Sunday, 12 March, 2006 , 14:27
Riad Seif was detained along with at least five members of the Kurdish Democratic Progressive Party during a sit-in near a Damascus government building, said a statement by the Syrian Organization for Human Rights.
Security forces beat and then detained some of the demonstrators, after three of those taking part in the sit-in attempted to deliver a message to Prime Minister Naji Otri, said human rights lawyer Anwar Bunni, adding that several demonstrators had been wounded.
The rights group also said some demonstrators had been wounded, and expressed its "concern over the violent behavior of security services toward peaceful protestors who are asking for the release of political detainees."

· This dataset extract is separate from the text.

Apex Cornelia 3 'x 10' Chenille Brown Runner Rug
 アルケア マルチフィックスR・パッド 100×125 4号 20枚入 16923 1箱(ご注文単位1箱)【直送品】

Bloody clashes, initially sparked by a riot between rival fans at a football match, pitted mainly Kurdish protestors against security forces and Arab tribesmen in the northern Syrian towns of Qameshli and Aleppo in March 2004.
Forty people were killed during several days of violence according to Kurdish sources, though Syrian authorities said 25 people had died.
Seif, 54, had been released in January after nearly five years in prison for participating in a short-lived "Damascus spring" of liberalization in 2001 by President Bashar al-Assad.
He was briefly rearrested last month after serving time on charges of working "to change the constitution through illegal means."